We’ve already seen how PCA can be used in Part 1 and here we will look at indexing based on the Product Quantization (PQ) vector compression algorithm. These indexes do not use tree-based indexes, but they achieve the speeds in distance calculations by approximating and largely simplifying the distance calculations.

### Partition-based Quantization Index

Essentially what the PQ index does is compress the vectors by partitioning the vector into smaller subvectors, perform k-means clustering, and use the centroids of these clusters to represent the vectors. Direct distance calculation on the compressed vectors is not feasible, so similarity search is still going to be exhaustive and needs decompressing each vector we’re comparing the query vector with. The algorithm however does this in a computationally efficient way through lookup tables.
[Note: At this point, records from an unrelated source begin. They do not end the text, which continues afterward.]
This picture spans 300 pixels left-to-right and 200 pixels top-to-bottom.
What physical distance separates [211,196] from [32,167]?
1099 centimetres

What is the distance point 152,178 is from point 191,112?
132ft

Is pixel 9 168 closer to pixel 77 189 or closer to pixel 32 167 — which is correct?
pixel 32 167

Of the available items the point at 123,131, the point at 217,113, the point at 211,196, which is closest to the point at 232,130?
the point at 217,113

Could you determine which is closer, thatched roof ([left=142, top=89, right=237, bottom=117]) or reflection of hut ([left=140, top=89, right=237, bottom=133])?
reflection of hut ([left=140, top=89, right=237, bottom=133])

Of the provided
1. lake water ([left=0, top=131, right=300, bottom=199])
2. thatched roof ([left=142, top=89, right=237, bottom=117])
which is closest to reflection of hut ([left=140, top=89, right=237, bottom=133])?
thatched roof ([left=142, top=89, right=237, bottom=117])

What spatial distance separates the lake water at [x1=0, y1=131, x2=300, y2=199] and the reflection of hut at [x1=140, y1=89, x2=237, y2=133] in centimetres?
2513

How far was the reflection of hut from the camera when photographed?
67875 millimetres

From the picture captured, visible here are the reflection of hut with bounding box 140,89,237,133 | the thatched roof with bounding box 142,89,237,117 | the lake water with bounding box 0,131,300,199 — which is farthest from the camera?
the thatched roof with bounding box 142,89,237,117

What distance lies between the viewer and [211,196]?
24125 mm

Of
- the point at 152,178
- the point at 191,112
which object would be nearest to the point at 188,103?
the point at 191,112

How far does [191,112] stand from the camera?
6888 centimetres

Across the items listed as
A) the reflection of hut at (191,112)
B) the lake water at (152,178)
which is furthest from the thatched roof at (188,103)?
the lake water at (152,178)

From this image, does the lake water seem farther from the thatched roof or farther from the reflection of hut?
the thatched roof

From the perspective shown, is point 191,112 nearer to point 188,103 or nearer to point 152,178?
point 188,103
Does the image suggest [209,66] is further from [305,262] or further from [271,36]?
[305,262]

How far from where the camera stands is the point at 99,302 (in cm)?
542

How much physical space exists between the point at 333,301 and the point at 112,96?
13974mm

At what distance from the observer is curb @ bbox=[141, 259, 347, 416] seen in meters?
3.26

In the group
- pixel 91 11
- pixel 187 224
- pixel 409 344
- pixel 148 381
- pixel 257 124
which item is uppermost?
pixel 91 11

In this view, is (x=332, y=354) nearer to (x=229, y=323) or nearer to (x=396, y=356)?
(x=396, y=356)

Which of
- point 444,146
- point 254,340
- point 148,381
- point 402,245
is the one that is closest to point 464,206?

A comparison of these Product Quantization based indexes to flat indexes can be found on this Github page.

FAISS provides the IndexIVFPQ index that uses pre-filtering by partitioning the vectors into clusters as described for IVFFlat index. This with other enhancements described in this paper gives it further speed up.
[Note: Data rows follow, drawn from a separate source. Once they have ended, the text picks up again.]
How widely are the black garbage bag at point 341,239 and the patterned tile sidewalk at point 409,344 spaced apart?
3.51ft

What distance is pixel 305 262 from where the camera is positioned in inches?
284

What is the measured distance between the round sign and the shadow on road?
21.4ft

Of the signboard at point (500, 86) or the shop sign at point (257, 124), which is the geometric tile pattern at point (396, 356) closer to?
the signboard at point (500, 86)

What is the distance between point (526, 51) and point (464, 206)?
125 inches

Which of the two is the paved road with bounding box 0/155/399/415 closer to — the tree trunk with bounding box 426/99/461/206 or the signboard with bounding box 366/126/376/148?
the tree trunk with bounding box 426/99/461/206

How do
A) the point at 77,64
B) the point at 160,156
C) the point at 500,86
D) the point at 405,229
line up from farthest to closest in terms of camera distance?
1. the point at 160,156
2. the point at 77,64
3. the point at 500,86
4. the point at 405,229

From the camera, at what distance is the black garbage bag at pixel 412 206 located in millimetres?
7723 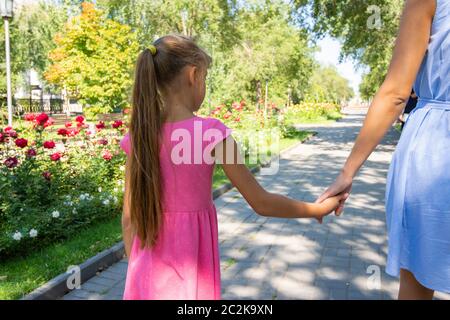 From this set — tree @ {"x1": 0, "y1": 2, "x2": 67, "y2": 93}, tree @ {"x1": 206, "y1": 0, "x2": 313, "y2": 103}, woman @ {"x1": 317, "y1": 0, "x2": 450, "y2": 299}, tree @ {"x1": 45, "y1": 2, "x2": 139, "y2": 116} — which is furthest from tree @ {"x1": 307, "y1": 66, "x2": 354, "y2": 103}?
woman @ {"x1": 317, "y1": 0, "x2": 450, "y2": 299}

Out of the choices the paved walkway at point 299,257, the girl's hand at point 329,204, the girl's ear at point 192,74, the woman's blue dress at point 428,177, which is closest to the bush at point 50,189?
the paved walkway at point 299,257

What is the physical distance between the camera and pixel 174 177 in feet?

One requirement for this method is that the compressed subvector size should be a multiple of the original vector size (preferably a multiple of 4). Let’s see this in code.

Here, we are not reducing the dimension of the data but the bit of each float carried by the subvector.

So, if we initially have 1024 dimensional 32-bit float vectors, and we divide it into 8 subvectors each of length 128. Using k-means clustering with k = 256 allows us to use only 8 bit to store a centroid id for each subvector.

Hence the compression factor is: (1024 * 32) bits / (8 * 8) bits  = 512.

### ID Mapping

In practice, there’s usually a unique identifier associated with each element that a vector represents such as a user or an item on an e-commerce website. So, storing the vectors with an id that is used by the system (a recommender system database for example) will prevent the need for an extra mapper to convert from one auto-generated by FAISS.

This can be done by adding an extra index in the pipeline named IndexIDMaps. Let’s see how you can do this here.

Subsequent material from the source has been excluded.